When I was five, the world was green and anything was possible.  The spark of imagination ignited my dreams and life was magic.  She, who pumped the air into my balloon, was my very own mother and I embraced the wildness in her.  Marian was a pyromaniac of sorts, striking match to stone, calling wind through my brain to push the flames higher.  She loved my silliness and my laughter and I found that I had power to change her moods from grey to sunny, at least then, when I was a child.  Even though the day would come when I had to stand against her ~ that was not here on Linden Street where Marian’s magic bloomed.  That was not today, when I was five and the world was green. 
Concrete sidewalks do not fare well for children.  Scrapes and bruises and bits of old yellow glass find their way into tiny knees.  How I longed for soft green grass! My mother, who always knew my fragile heart, obliged my dreams with a plan to ease that longing, and gave me a gift that day.  Three young maple trees stood in a row, donning our city street in Brooklyn.  Each one in its own empty sidewalk square filled with soft earth, trees planted perhaps to watch over me . . . or so I thought back then.  They were the faithful signs of changing seasons I grew to understand. 
In the spring, I watched each day, as green grass grew around their roots and filled each patch of earth with life.  It was there that my dream of the country came alive and it was there that I took my little sister on our imaginary picnic.  Mom had packed a small wicker basket with peanut butter triangle sandwiches, bunches of grapes, chocolate milk and cookies.  Then she draped a checkered cloth across my arm and bade me “Go on now.
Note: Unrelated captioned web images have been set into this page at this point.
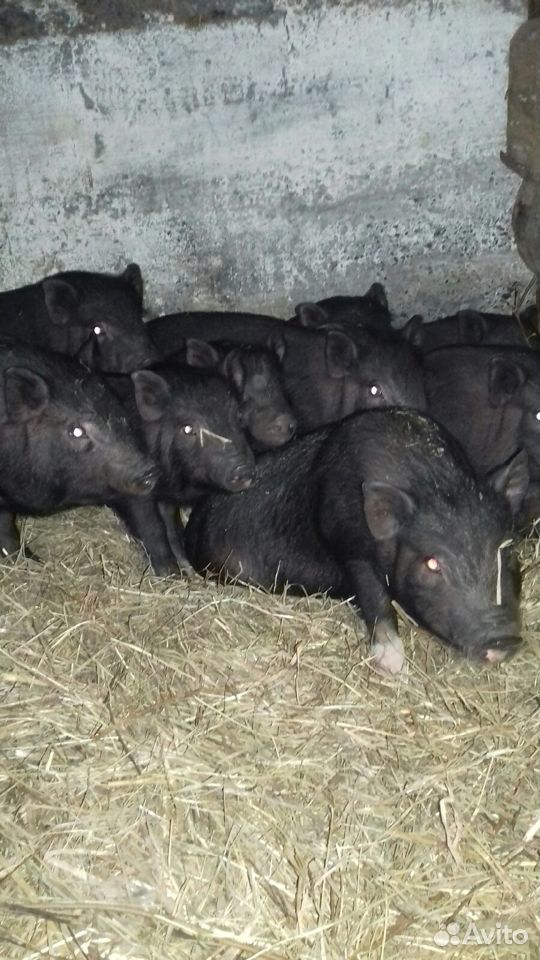 Sell or exchange pigs 89000554629 buy 2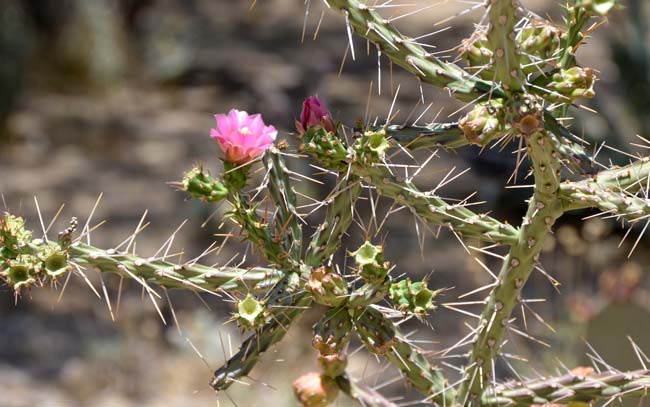 Klein's Pencil Cactus is native to New Mexico and Texas. It is a scraggly almost trunkless open crowned cactus with branch segments (4 to 12 inches long) sprawling and older stems becoming woody. Cylindropuntia kleiniae 
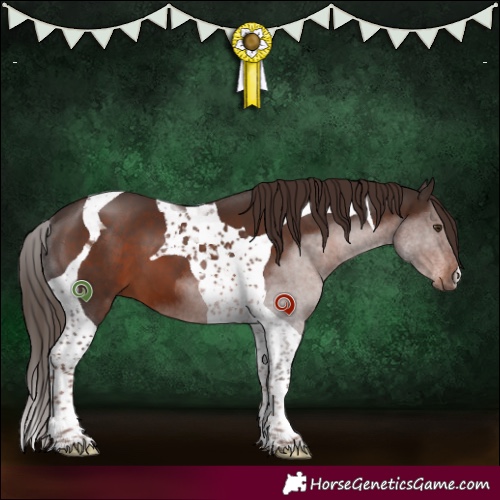 Horse Color:Liver Chestnut Tobiano 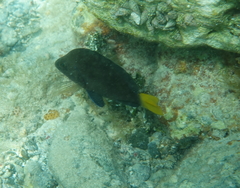 Hypoplectrus chlorurus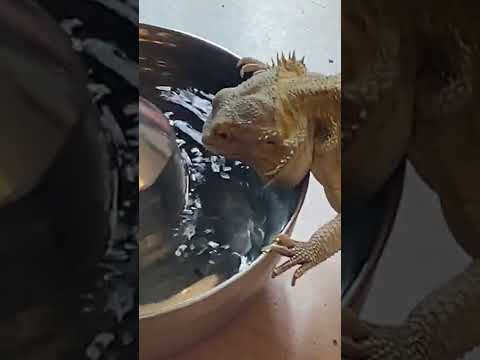 Lizard Drinks Water From Fountain #shorts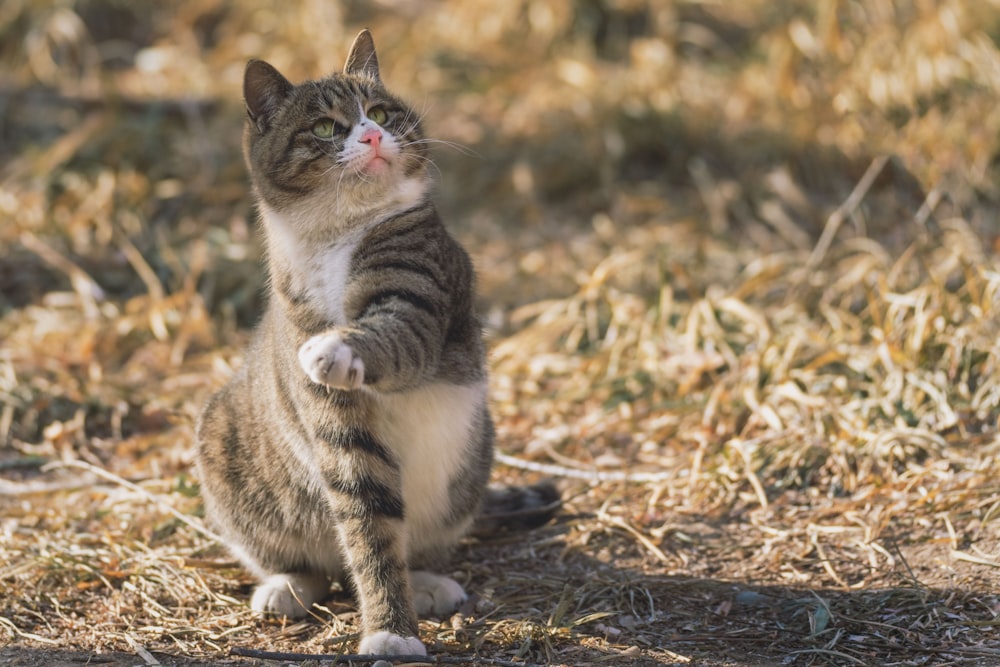 white and black tabby cat on brown grass during daytime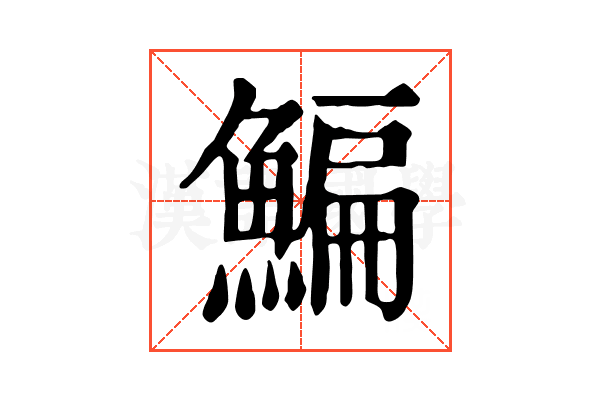 鯿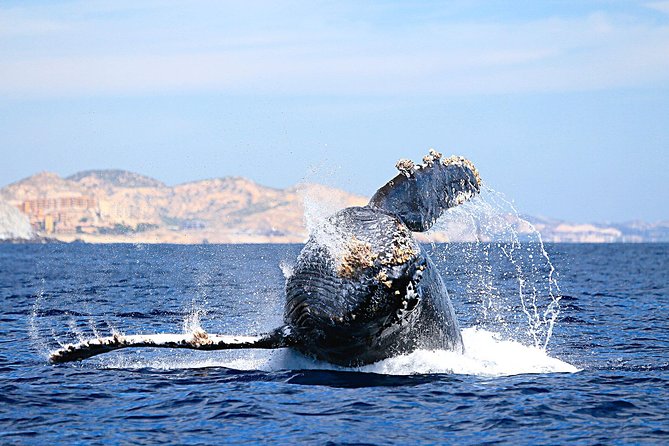 Small-Group Whale Watching Zodiac Boat Cruise in Cabo San Lucas - Marine biologist talk as you chase whales in the Sea of Cortez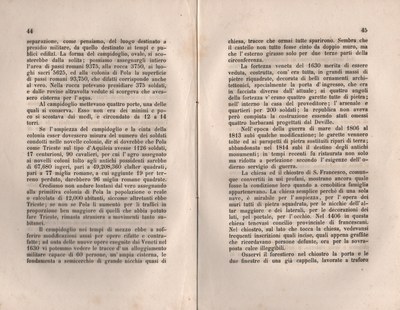 Forestiero 104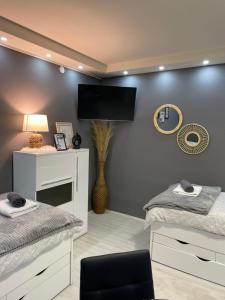 a bedroom with two beds and a tv on the wall at Beta House Apartments in Zaječar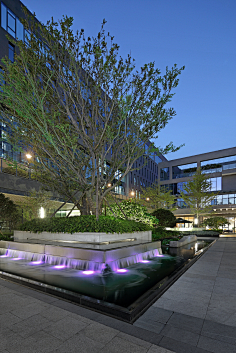 景物——公建-花瓣网|陪你做生活的设计师 | 诺华公司总部办公景观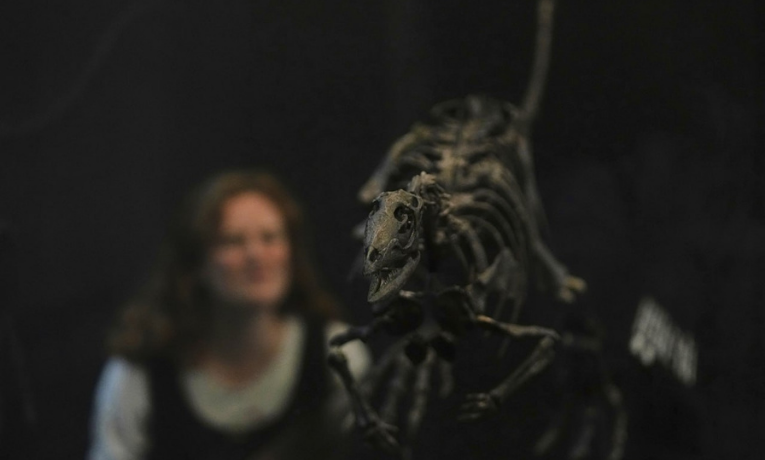 Pesquisadores identificam nova espécie de dinossauro do tamanho de um labrador, o Enigmacursor mollyborthwickae, que viveu há 150 milhões de anos. Fóssil está em exibição em Londres.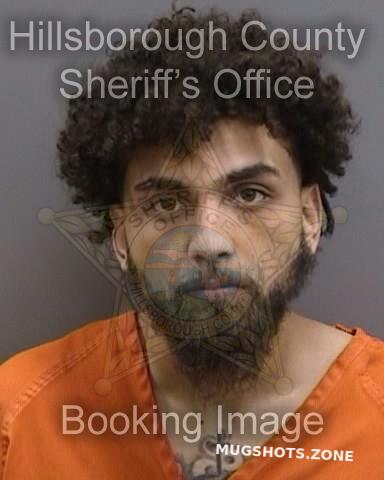 BORRERO ALICEA LUIS 05/25/2025 - Hillsborough County Mugshots Zone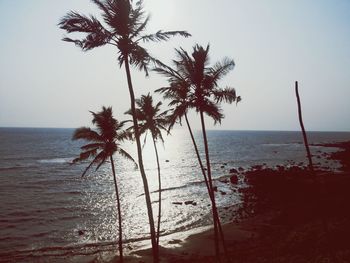 Palm trees on beach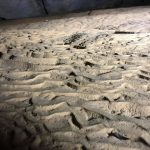 Động Ngườm Ngao, Cao Bằng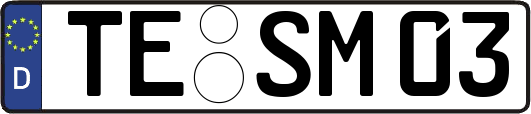 TE-SM03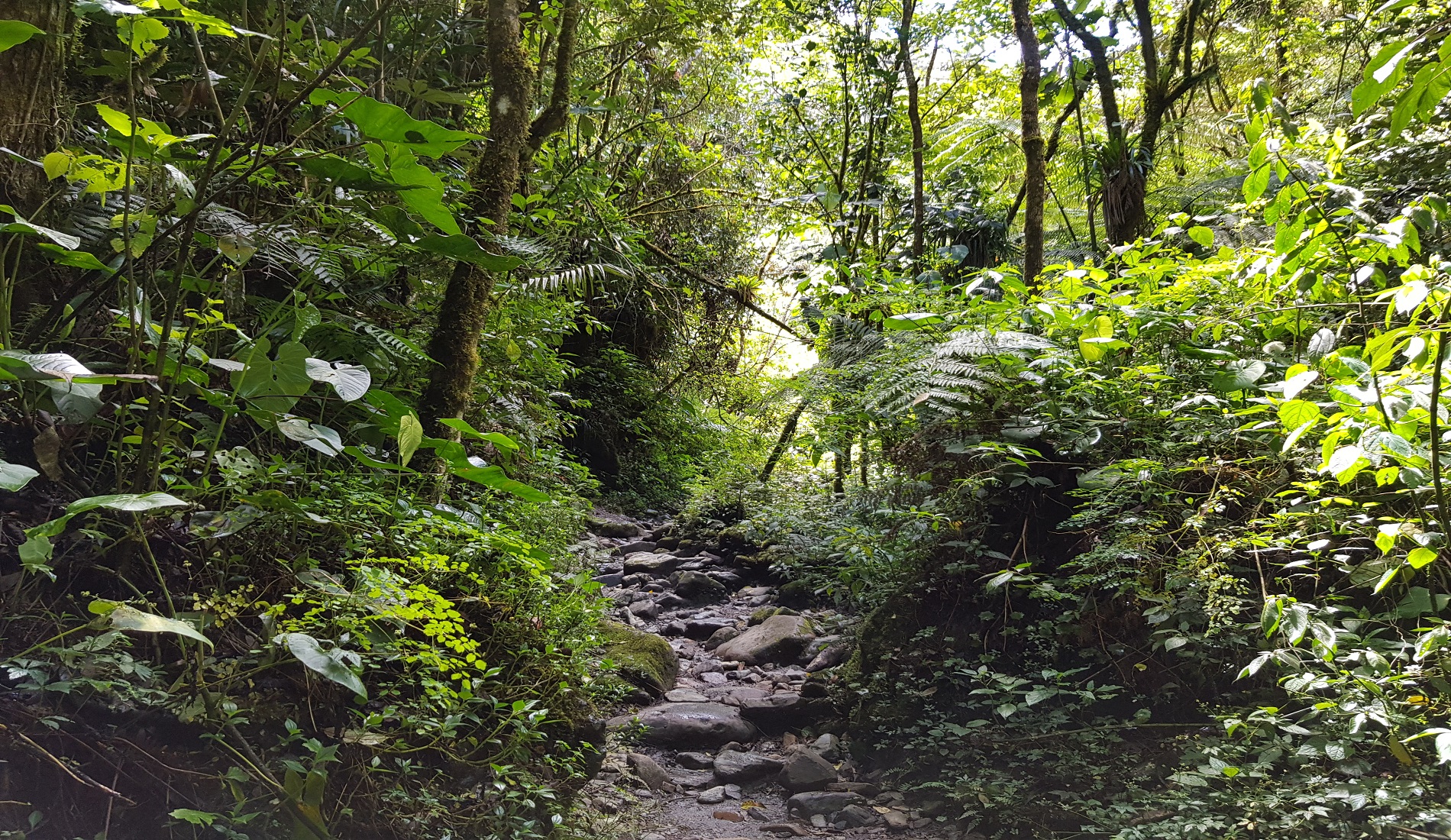Valle de Cocora jungle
Take your sister on a picnic . . . the grass is waiting for you.” 
The tree nearest our building was the safest.  There I could still look back and see our first floor windows, their striped awnings and my mother’s waving hand.  That day I claimed for my own and began a lifetime of loving trees.  Not a soul could tell me that this shady maple wasn’t mine and no one could convince me that the grass hadn't grown beneath it just for this, our perfect picnic.  I spread out the red and white cloth and there we sat silly, smiling from ear to ear, ready to feast on our basket of goodies. 
The bark of the tree felt alive and the new green grass a cool silky comfort to my knees. Tiny inchworms and furry caterpillars stumbled along its gnarly roots as we watched, so removed it seemed, from the concrete of our world.  Munching on cookies and sitting like little Indians, we looked up with bent necks, viewing the spring canopy of sunlit leaves that covered us that afternoon.  I was five and I was happy, safe without a care except to be a child pretending. 
Neighbors passed, coming and going, smiling and saying “Having fun, girls?” or whispering “They must be Marian’s kids.” But I paid no mind to their shuffling feet and their squeaky carts . . . or their whispers.   I just thought that nobody's Mom was as special as mine!  
The world stood still for us that long afternoon and it remains one of my fondest childhood memories, reminding me always that I was loved.